Companies would be obliged to identify, and where necessary prevent, end or mitigate the negative impact of their activities, including that of their business partners, on human rights and the environment. This includes child labour, slavery, labour exploitation, pollution, environmental degradation and biodiversity loss.

EXTENDED SCOPE

MEPs extended the application of the new rules, compared to the Commission proposal, to include EU-based companies with more than 250 employees and a worldwide turnover higher than 40 million euros, as well as parent companies with over 500 employees and a worldwide turnover higher than 150 million euros.
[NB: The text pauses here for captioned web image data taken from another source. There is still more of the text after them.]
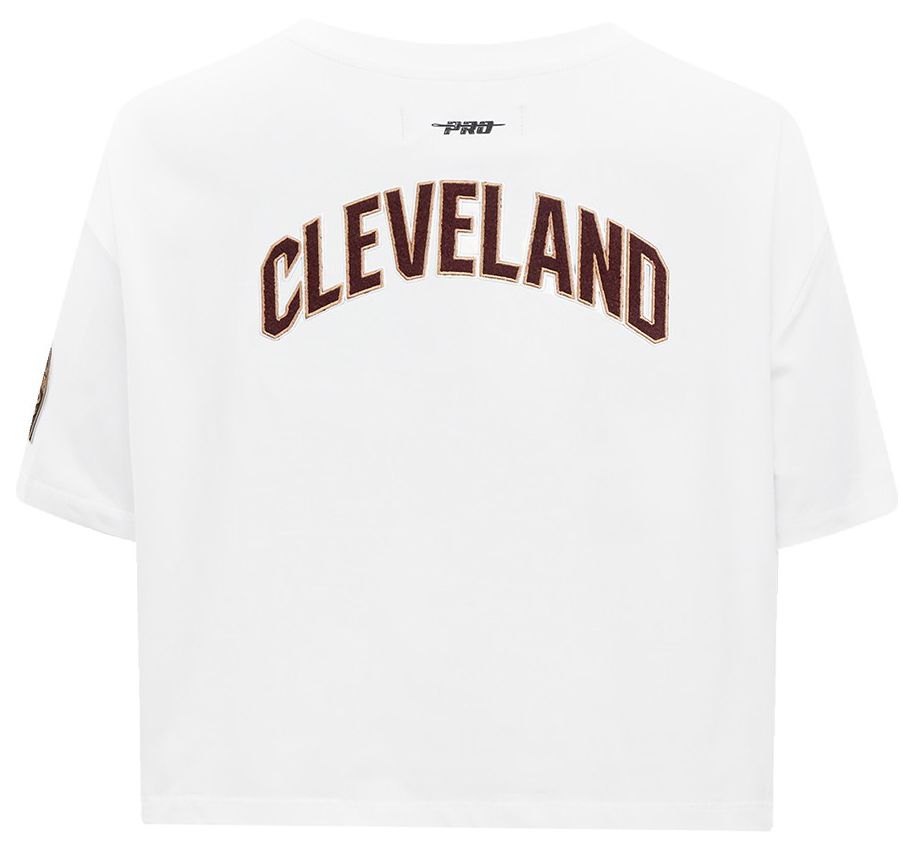 Pro Standard Women's Cleveland Cavaliers White Classic Boxy T-Shirt product image
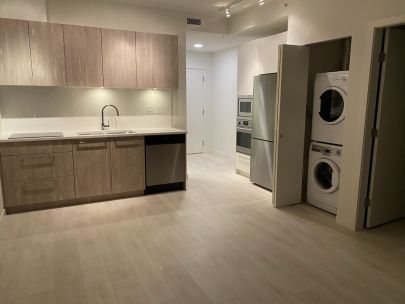 205 Burquitlam Capitol 691 North Road, Coquitlam BC V3J 0H9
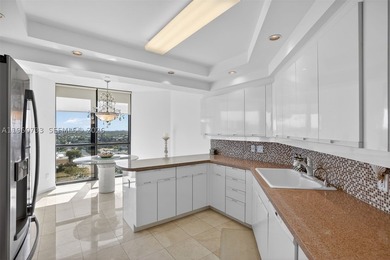 GREAT DEAL!!! STUNNING 2 BEDROOM + DEN (THAT CAN EASILY BE - photo 34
The rules would also apply to non-EU companies with a turnover higher than 150 million euros if at least 40 million was generated in the EU.  Companies must consider the negative impacts on human rights and the environment - including climate and corruption - throughout their value chain, both upstream and downstream.

Supervision, sanctions and detailed guidelines

Non-compliant companies should be liable for damages and EU governments would establish supervisory authorities with the power to impose sanctions. MEPs want fines to be at least 5% of the net worldwide turnover and to ban non-compliant third-country companies from public procurement.

To facilitate compliance, member states would set up a national helpdesk and the Commission would prepare detailed guidelines.

Close collaboration with trade unions and NGOs

When it comes to identifying, preventing, prioritising and remedying supply chain risks, companies must engage with stakeholders on an ongoing basis. These stakeholders can be victims but also trade unions, NGOs and human rights defenders.

DAMAGES in

Companies must remedy any damage in full dialogue with the affected persons, including compensation or rehabilitation. This is a fundamental part which was completely missing from the Commission proposal.

Obligation to introduce ambitious climate plans

In the agreement, companies must introduce ambitious climate plans, in line with the Paris Climate Agreement, including Scope 1, 2 and 3 emissions.

Directors are legally responsible for overseeing due diligence

All company directors would be obliged to implement a transition plan compatible with a global warming limit of 1.5°C. Directors of companies with over 1000 employees will be directly responsible for this step, which in turn will affect the variable parts of their pay, such as bonuses.

Next Steps

On 31st May, the European Parliament Plenary will gather to vote on a final Parliament position on the file.